Il n’est point de Drame sans Mœurs.

D ire que les personnages d’un Drame ont des Mœurs, c’est en faire l’éloge. On entend par Mœurs, les passions, les caractères, la façon d’agir. Ce mot se prend quelquefois dans plusieurs sens, surtout dans la Poétique d’Aristote. Quand ce Philosophe recommande aux Poètes, que les Héros de leurs Pièces ayent des mœurs, il ne veut point recommander qu’on ait soin de les rendre sages, vertueux ; mais qu’on les fasse parler selon l’Histoire, ou de la manière qu’ils se présentent d’abord dans un Poème.
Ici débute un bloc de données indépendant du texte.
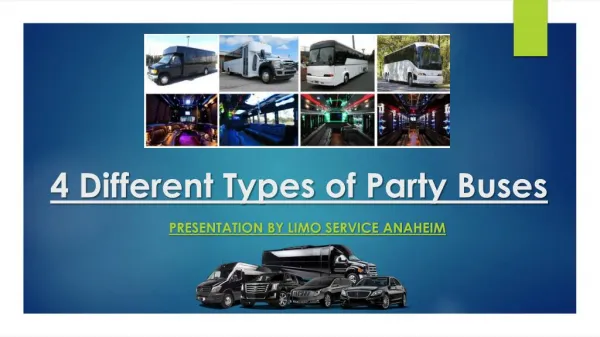 4 Different Types of Party Buses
Nous l’employons communement pour éxprimer les vices ou les vertus de quelqu’un. C’est un homme de mauvaises mœurs, disons-nous, celle-ci a de bonnes mœurs. Mais je ne me sers ici de ce terme que pour marquer le caractère distinctif des personnages de nos Drames modernes.
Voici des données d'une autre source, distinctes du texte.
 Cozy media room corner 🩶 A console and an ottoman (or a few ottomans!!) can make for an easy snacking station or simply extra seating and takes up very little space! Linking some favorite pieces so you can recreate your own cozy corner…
Les Mœurs sont très bien saisies dans l’Opéra-Bouffon.

Nous les voyons ces personnages tels que sont ordinairement ceux que l’on copie. Rien ne les altère ; les discours qu’ils tiennent leur sont propres ; aussi faut-il remarquer qu’ils ne sçauraient les ennoblir, ni les rendre plus bas, sans disparaitre entiérement. Leurs mœurs se découvrent jusques dans leurs moindres actions ainsi que dans leurs gestes. Ils sont dépeints d’après Nature. Si un fameux Peintre de l’antiquité5 se méprit en voyant sur un tableau un voile imité de main de maître6, les Artisans qui servent de modèles à l’Opéra-Bouffon pourraient bien prendre leurs copies pour autant d’originaux. Ils auraient plus de raison que n’en avait ce Paysan, qui, étant à la représentation d’un Opéra-Sérieux, ôtait bonnement son chapeau, & tremblait de crainte, à chaque éclair qu’il apperçevait, & au bruit factice du tonnèrre. Admirons l’Art avec lequel on met sous nos yeux des objets si connus, & qui ont pourtant les charmes de la nouveauté, quoiqu’ils soient sur la Scène, à très peu de différence près, les mêmes que dans le monde.

Les mœurs qu’on voit au nouveau Théâtre sont différentes de celles des autres Spectacles.

Notre Théâtre n’a point à craindre le reproche que le Père Brumoy fait à la Comédie. « Les caractères des Drames comiques, s’écrie-t-il, sont fort communs, & toujours les mêmes. » Les siens sont variés avec goût, par une suite de cette éxactitude qu’on a de donner à chaque Artisan le genre qui lui convient. Il suit à la lettre le précepte d’Aristote qui dit ; « La seconde chose qu’il y a à observer dans les mœurs, c’est qu’elles soient convenables7. » Les passions des Héros de la Tragédie ont une certaine convenance ensemble ; elles se rapportent également au Prince & à son Confident. Tel Roi peut être jaloux, galant, ambitieux, aussi bien qu’un de ses Courtisans, au lieu que les mœurs dépeintes dans notre Opéra ne sont applicables qu’à une seule classe d’hommes. Par éxemple, le caractère du Savetier a une autre nuance que celui du maître Cordonnier ; le simple Laboureur a une autre manière d’agir que le riche Fermier &c. Ne portons pas ce détail plus loin. Le Poète qui veut travailler pour le Spectacle moderne doit être en état de sentir ces nuances, & de les faire délicatement distinguer.